With huge scope for growth, China at centre of Wipro Consumer's global map

WCCL Chief executive officer Vineet Agrawal
Wipro Consumer Care & Lighting (WCCL), the Bengaluru-headquartered consumer care major, has been present in global markets for over 12 years, but it is only now that the company is setting up a manufacturing plant in China, its second largest market globally after Malaysia. The fact that this would be WCCL’s first greenfield plant outside India signals the importance the firm ascribes to China, where it has established a strong foothold through a series of acquisitions.

WCCL, part of Wipro’s unlisted entity Wipro Enterprises, has already acquired land for the proposed plant in China's southern Guangdong province; it will entail an investment of around Rs 1.5 billion and would be operational in 2020.

In FY18, WCCL crossed revenues of $1 billion (Rs 66.35 billion), almost half of which came from the international markets. Malaysia continues to be its largest market with a revenue contribution of $145 million, followed by China ($120 million) and Vietnam (around $45 million).

In China, the Azim Premji-owned company operates two plants — one that came along with the acquisition of Singapore-headquartered FMCG company Unza in July 2007, and the other through the acquisition of LD Waxson in 2013. WCCL also leverages the manufacturing plants of Zhongshan Ma Er Daily Products for third-party manufacturing. “In terms of capacity and investment, this will be our biggest plant outside of India and will cater to all personal care segments — such as shampoo, shower gel, skin care products, roll-ons and the liquid detergent segment — in which we are present,” says Vineet Agrawal, chief executive officer, WCCL.

The other three countries where WCCL has manufacturing facilities are Malaysia (three plants) and one each in Indonesia and Vietnam.

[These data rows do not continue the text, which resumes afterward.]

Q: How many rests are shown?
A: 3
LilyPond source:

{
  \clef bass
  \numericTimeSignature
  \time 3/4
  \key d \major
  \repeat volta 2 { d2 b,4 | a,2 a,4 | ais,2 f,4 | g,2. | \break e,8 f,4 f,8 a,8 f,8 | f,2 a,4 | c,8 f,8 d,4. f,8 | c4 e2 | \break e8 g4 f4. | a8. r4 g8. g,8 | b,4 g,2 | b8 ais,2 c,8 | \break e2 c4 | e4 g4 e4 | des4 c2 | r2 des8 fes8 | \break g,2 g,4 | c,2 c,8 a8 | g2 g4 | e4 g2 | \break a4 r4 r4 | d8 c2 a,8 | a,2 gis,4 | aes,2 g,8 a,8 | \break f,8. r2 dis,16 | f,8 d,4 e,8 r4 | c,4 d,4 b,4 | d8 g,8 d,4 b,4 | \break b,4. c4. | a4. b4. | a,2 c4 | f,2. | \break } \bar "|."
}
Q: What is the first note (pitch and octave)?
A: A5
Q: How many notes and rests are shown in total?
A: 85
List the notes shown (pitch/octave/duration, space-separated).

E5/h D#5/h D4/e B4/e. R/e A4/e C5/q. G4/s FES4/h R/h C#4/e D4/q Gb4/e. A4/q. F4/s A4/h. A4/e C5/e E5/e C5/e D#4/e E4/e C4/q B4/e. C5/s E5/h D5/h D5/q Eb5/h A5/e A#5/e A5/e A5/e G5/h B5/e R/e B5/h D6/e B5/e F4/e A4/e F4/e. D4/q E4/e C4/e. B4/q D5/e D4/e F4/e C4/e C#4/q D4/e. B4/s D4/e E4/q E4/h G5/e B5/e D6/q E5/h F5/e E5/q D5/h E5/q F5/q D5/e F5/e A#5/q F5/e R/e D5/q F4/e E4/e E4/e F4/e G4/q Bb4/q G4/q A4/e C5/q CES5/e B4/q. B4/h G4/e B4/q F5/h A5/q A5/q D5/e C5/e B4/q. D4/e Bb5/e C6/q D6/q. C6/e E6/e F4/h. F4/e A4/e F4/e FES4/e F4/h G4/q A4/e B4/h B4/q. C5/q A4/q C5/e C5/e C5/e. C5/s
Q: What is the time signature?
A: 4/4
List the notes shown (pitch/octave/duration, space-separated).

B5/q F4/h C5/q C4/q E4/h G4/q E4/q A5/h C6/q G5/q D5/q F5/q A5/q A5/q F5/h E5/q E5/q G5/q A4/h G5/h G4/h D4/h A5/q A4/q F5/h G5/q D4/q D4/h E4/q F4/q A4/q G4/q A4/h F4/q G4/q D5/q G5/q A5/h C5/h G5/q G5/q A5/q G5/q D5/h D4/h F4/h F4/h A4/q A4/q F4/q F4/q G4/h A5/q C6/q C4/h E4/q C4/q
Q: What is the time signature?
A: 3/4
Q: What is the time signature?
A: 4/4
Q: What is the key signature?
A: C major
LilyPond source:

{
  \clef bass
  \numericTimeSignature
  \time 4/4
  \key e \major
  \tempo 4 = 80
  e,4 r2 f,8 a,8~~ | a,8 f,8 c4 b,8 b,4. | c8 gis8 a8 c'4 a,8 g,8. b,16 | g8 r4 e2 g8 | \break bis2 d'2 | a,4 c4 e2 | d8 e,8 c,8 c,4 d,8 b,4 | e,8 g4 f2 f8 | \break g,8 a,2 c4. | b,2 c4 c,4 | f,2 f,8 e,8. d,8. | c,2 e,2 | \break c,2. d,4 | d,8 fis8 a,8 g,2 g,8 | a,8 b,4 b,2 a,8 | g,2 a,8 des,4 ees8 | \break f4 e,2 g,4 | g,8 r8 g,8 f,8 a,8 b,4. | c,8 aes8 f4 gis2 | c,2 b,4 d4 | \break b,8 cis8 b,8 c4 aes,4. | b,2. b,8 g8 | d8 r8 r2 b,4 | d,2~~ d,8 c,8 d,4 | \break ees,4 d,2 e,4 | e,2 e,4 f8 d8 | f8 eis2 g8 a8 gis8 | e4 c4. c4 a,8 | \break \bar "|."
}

While China is the second largest global market for WCCL currently, the scope for growth in the country is immense, says Agrawal. The company is predominantly present in two provinces including Guangdong and Hainan in South China while it is expanding into neighbouring provinces including Guangxi, Fujian and Sichuan. In Guangdong itself, which has a gross domestic product (GDP) of over $1 trillion, WCCL is number three in most of the categories it operates in, including shower gels, soaps, liquid detergents and roll-ons. Interestingly, its major competition in the province is not from local Chinese companies but from global majors including Proctor & Gamble, the American consumer goods giant which holds the number one position in the market, followed by British-Dutch consumer goods company Unilever.

Despite stiff competition in the region, Agrawal says, the company will rapidly expand its manufacturing base, and through its wholly-owned local subsidiary, enrich its product basket. The new categories where it sees a big opportunity are lotions and liquid grooming products. What has helped WCCL in scaling up in China is its unwavering focus on localisation. It has 3,000 employees in China, which accounts for roughly 30 per cent of the company’s 10,000-odd global workforce. Interestingly, the company has only one Indian executive in the region. “Having a strong local footprint gives us the ability to understand the consumer and their requirements much better,” says Agrawal. Understanding the nuances of a local language (Mandarin in this case) is key to prising open a market, he says. “While most of our senior executives in the country are well-versed in the language, we also conduct English classes for our junior employees.”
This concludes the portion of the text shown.